[WORK ITEM]
Images do not belong in the copy. Retype all the entries below exactly.

[INFORMATION PROVIDED]

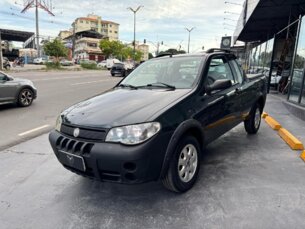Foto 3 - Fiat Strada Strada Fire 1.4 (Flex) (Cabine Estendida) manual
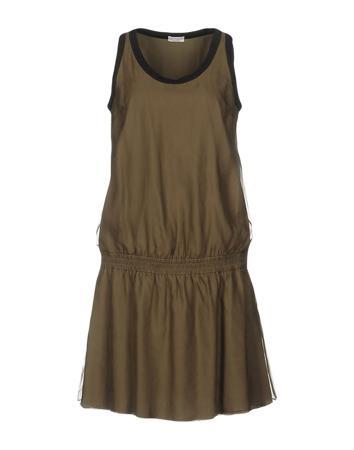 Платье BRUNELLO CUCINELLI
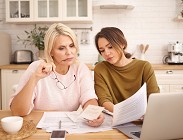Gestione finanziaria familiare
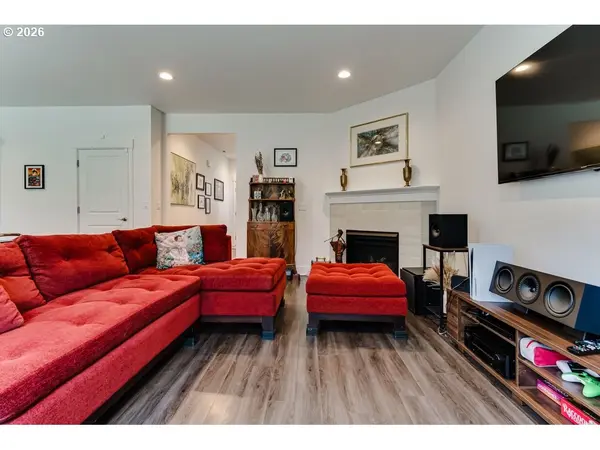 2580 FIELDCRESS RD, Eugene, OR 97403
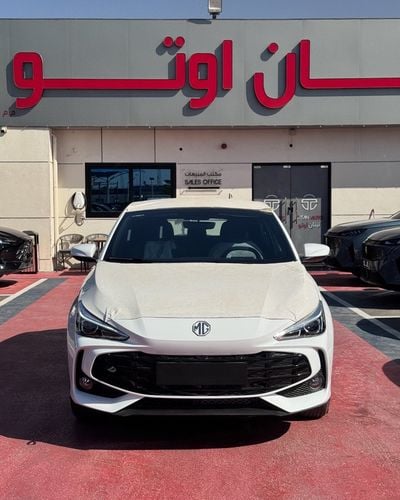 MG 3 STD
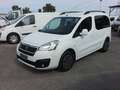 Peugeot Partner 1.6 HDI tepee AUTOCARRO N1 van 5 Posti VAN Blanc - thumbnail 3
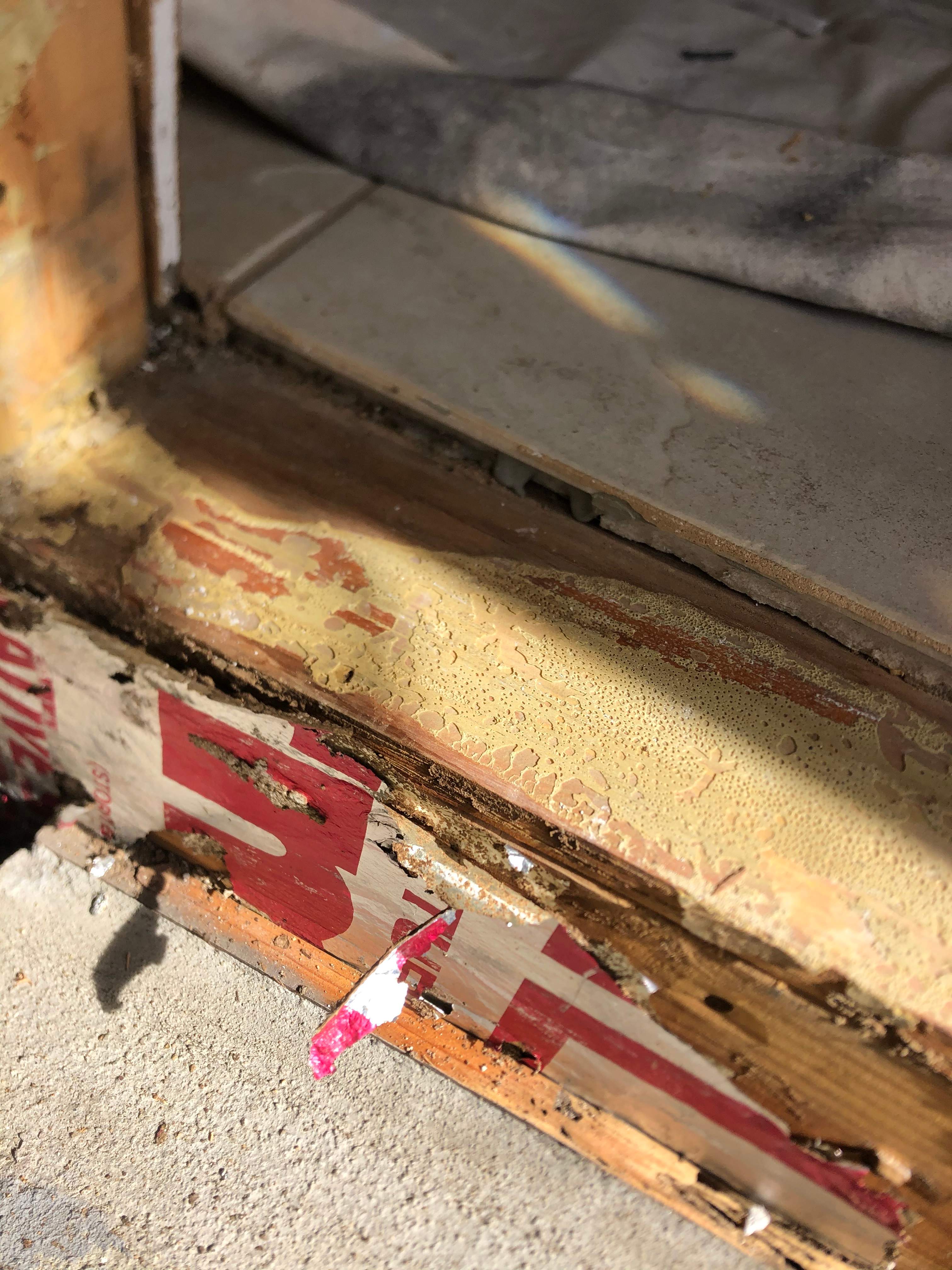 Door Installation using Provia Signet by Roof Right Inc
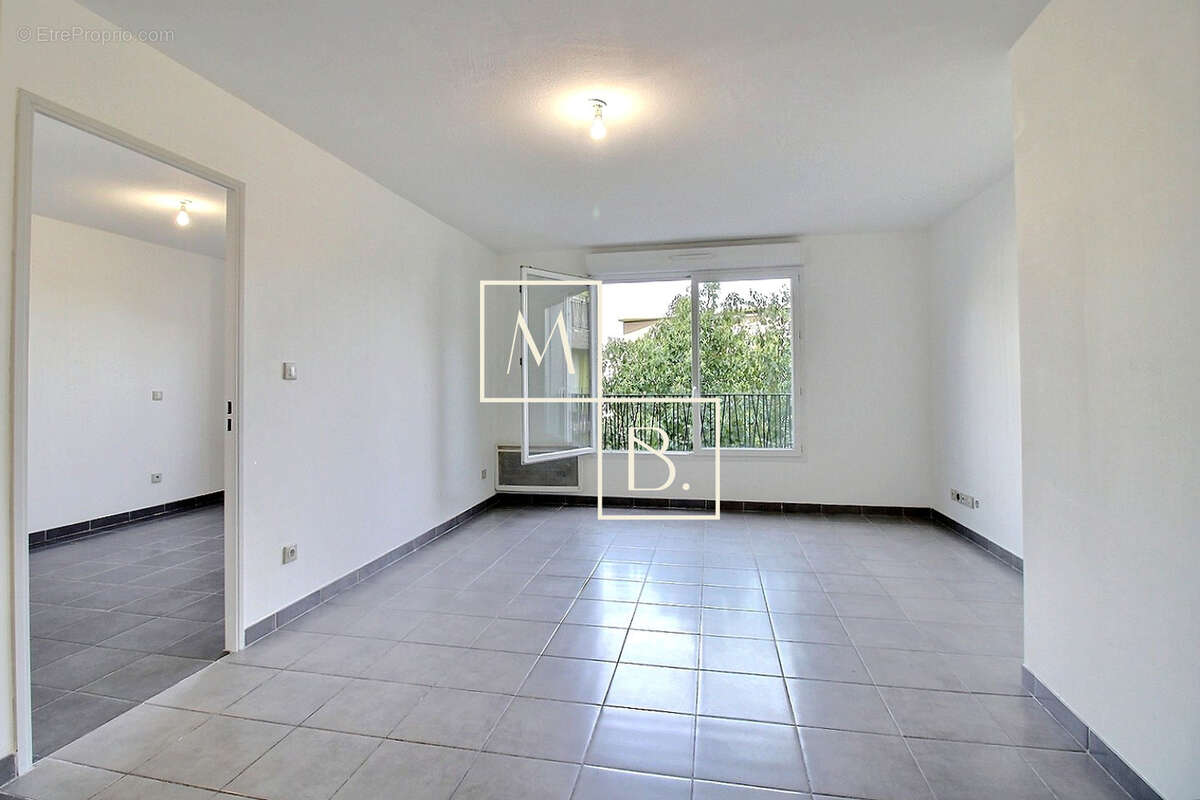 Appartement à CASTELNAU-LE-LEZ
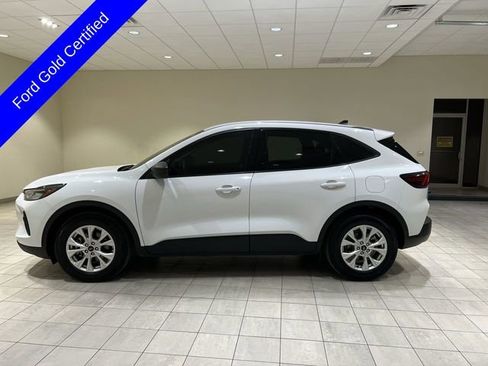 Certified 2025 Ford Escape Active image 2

[WRITTEN RESPONSE]
Foto 3 - Fiat Strada Strada Fire 1.4 (Flex) (Cabine Estendida) manual
 Платье BRUNELLO CUCINELLI
Gestione finanziaria familiare
 2580 FIELDCRESS RD, Eugene, OR 97403
 MG 3 STD
 Peugeot Partner 1.6 HDI tepee AUTOCARRO N1 van 5 Posti VAN Blanc - thumbnail 3
 Door Installation using Provia Signet by Roof Right Inc
 Appartement à CASTELNAU-LE-LEZ
 Certified 2025 Ford Escape Active image 2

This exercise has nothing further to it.